In this era of tighter healthcare dollars, it might be tempting to save the cost of liver biopsy by assuming that the result is a foregone conclusion. One important implication of our work is to refute any unconsidered proposition that patients with known or suspected primary neoplasms with apparent hepatic metastases by CT imaging should be routinely treated as if they have the expected metastases without further evaluation to save healthcare expenditures. To properly deliberate this concept requires cost-effectiveness analyses that are beyond the scope of this work, but may be considered as opportunities for future research, perhaps using decision analytic techniques.10
At the outset of the study, we wondered if liver biopsy in this patient population was really necessary, or simply always confirmed the clinical concern for metastasis from a known primary tumor. Although it was the case that the vast majority of biopsies in our series did not change patient management, we were surprised to find such a high percentage of cases in which the biopsy result of a presumed hepatic metastasis was different from the patient's known primary tumor, including 5.2% (30 of 580) that had a second unknown malignancy.

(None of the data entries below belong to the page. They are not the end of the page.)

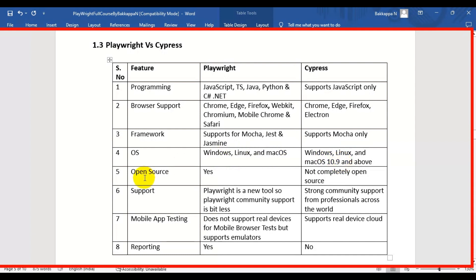The next difference is open source. Playwright is a completely open source automation testing tool. But for Cypress, some features are not available in the open source version — if you want those features, you need to purchase the full Cypress tool.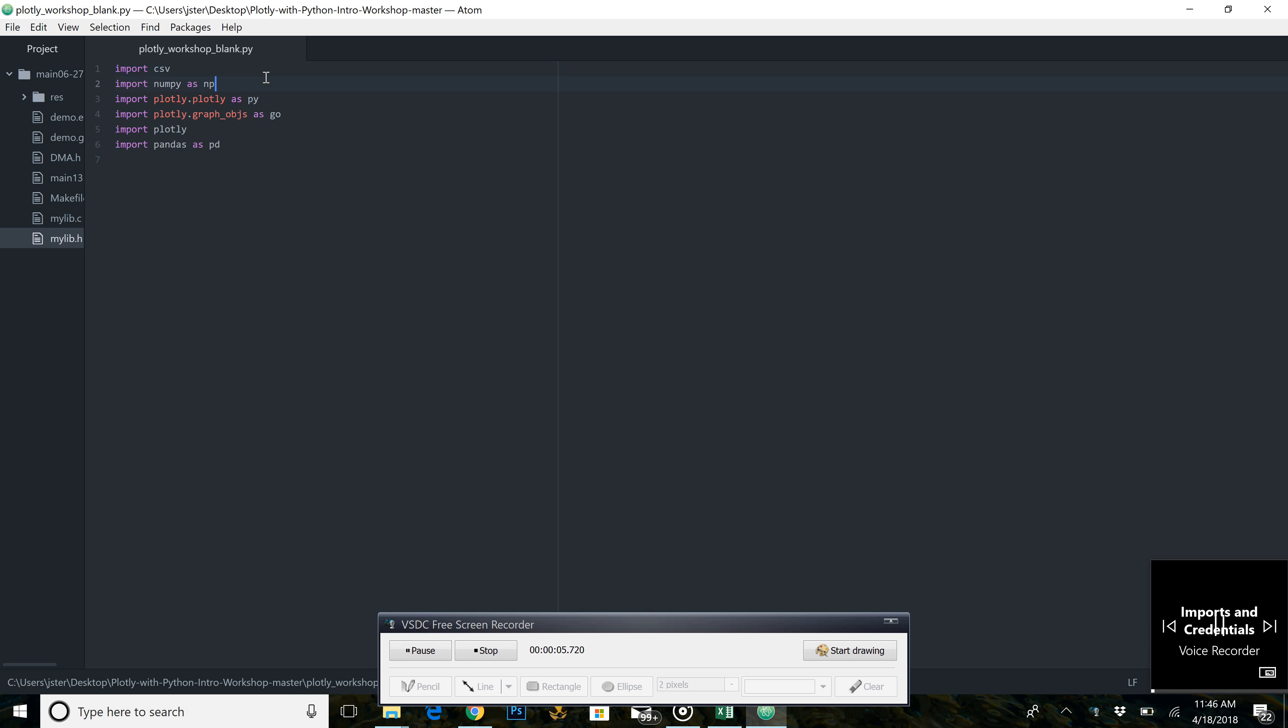In the plotlyworkshop.csv file, you will see a number of import statements we will use. The import statement gives us functions, objects, or a set of objects and functions known as a library that other people created that we would like to use.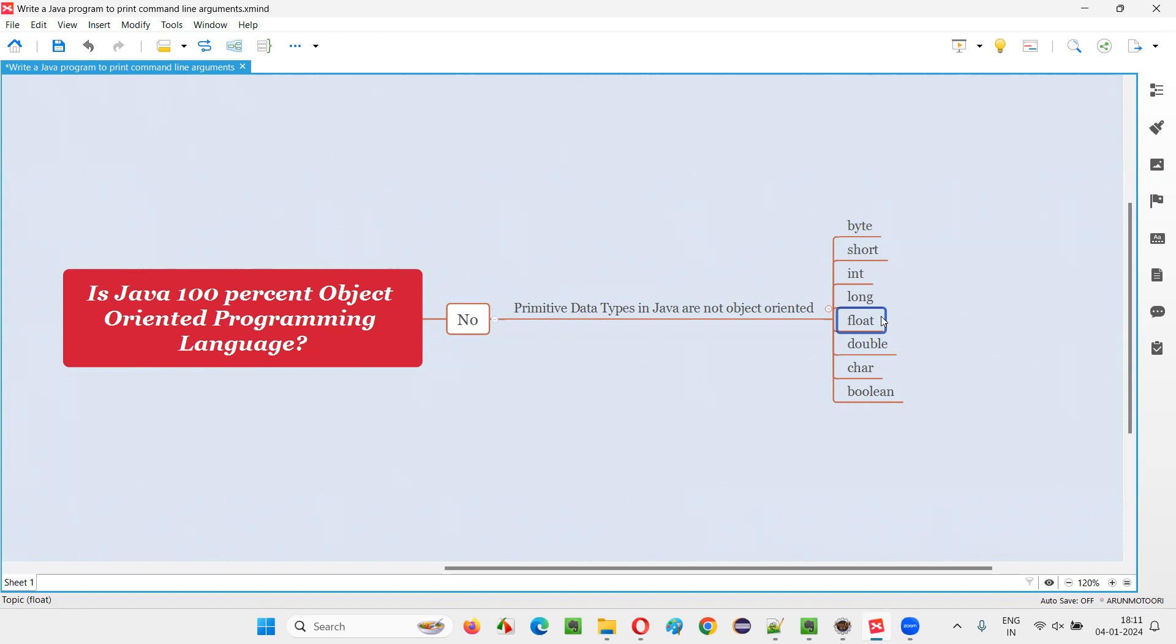But Java developers still felt like why unnecessarily make them object-oriented and consume a lot of memory. Even though these days it is okay for a programming language to have these data types also as object-oriented because memory is fully available, Java developers thought that there's no use in making this object-oriented because they're already saving the memory. So they kept it like that only.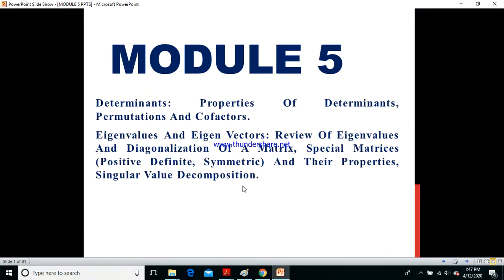Good morning students. Today let us see the video which I am going to record on module 5, which is determinants and eigenvalues and eigenvectors.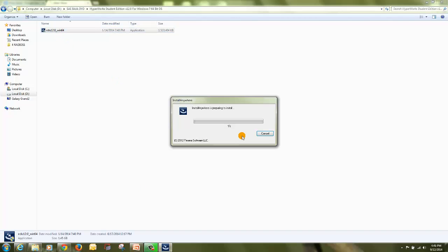Double click on this setup. After that it will start install anywhere. Install anywhere will take few minutes to extract the setup file and create a streamline process for installation.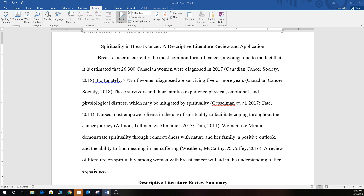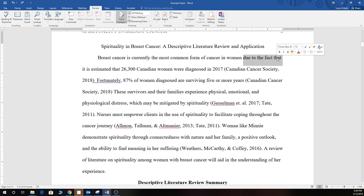This first sentence here has some really good information for significance but unfortunately it's a run-on sentence, which really detracts from the hook that I'm trying to deliver. So to fix that I'm going to take out 'the fact that' because that is extremely wordy and I'm just going to use a semicolon. There we go, problem fixed.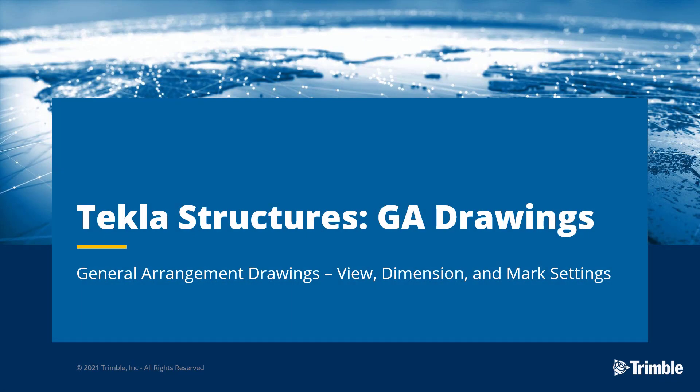Hello, my name is Ryan Page and I am an application specialist for Tekla Structures.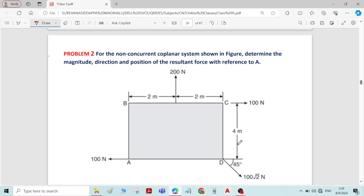Hi, so this is problem number 2 on coplanar non-concurrent system of forces. The question is to find the magnitude, direction, and position of the resultant force with reference to point A.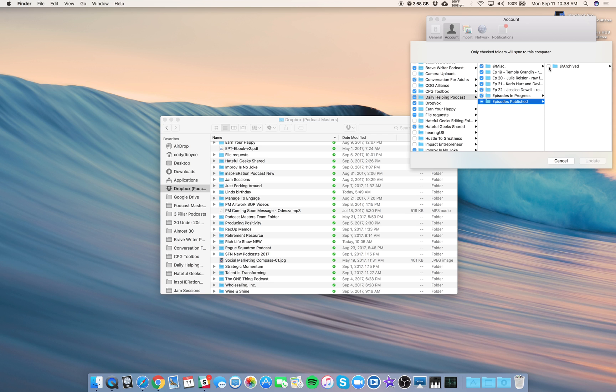So episodes, once they've been up, will go into the archived folder. They will get removed from your computer, but they stay in Dropbox. So don't worry, they're not gone. They're just off your computer, so they help you save space.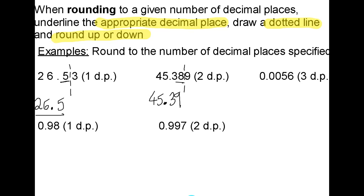In the third example, I want to round to three decimal places. The third digit after the decimal point is 5. It doesn't matter that the numbers in the first two decimal places are 0. I underline the 5, I draw a dotted line, and the number immediately after the dotted line is 6, which tells me to round up. So I have 0.006 — that's my answer, 5 rounding up to 6.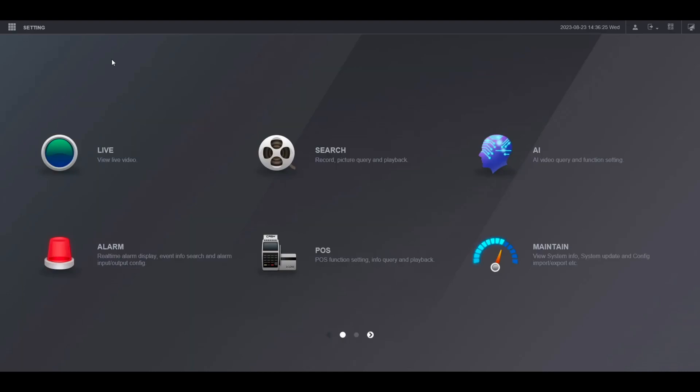Hello and welcome to my YouTube channel. In this session, I will be sharing a tutorial on how to do playback on a Dahua NVR.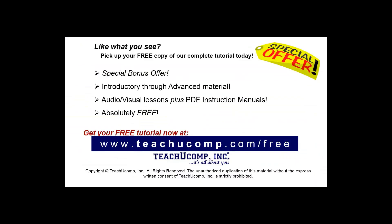Like what you see? Pick up your free copy of the complete tutorial at www.teachucomp.com/free.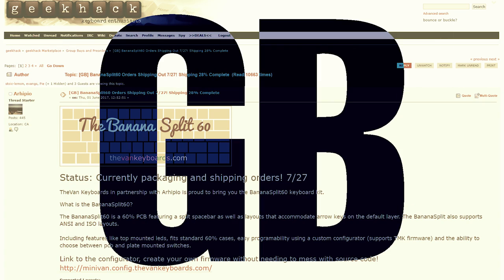GB (group buy) is the totally reliable and risk-free way that people get together to buy in bulk from a manufacturer, thus securing favorable pricing.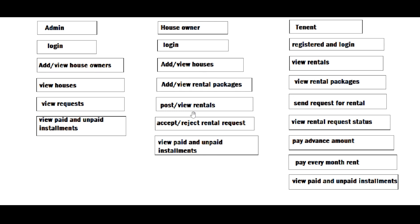The house owner will view the rental request and accept or reject it. If the house owner accepts the rental request, then the tenant can view the rental request status. After that, the tenant pays the advance amount to the house owner by giving their payment details, and can also view the payment details.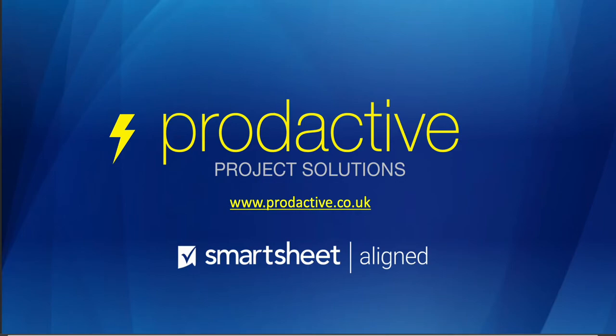This is Rich Coles from Productive Project Solutions. Here's a quick tip if you ever want to shade alternate rows on your sheet so it looks more inviting and easier to read for your users. So let's have a look at what I mean.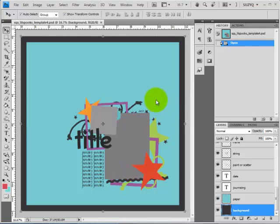First thing you need to do is open the template you want to convert. I'm using a template from my Little Spooks collection.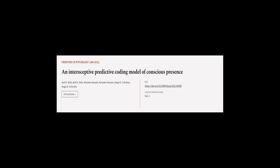This article was authored by Anil K. Seth, Keisuke Isuzuki, and others.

Given the current ability of imaging (particularly MRI) to make specific benign diagnoses of liver lesions, we were surprised that 3.6% (21 of 580) of biopsied lesions were proven to be of benign histology at initial biopsy (n = 20) or subsequent resection (n = 1). Because this is a biopsy-only series, we do not know how many patients with primary neoplasms did not have hepatic biopsies because imaging techniques showed that their liver lesions were benign. Nevertheless, our results argue for careful assessment of hepatic lesions found on CT scans in patients with neoplasms, rather than simply reflexively jumping to biopsy. We recognize that in many cases, metastasis is nearly certain from the CT imaging appearance, and in those cases biopsy may be appropriate, because we have shown that metastases may be from a different primary tumor than expected. Conversely, we propose that, to avoid biopsy in some patients, it would be appropriate to perform MRI in an attempt to noninvasively determine a diagnosis whenever there is any suggestion based on CT imaging criteria that a suspicious hepatic lesion may be benign, or clinical suspicion that liver metastasis might be unlikely.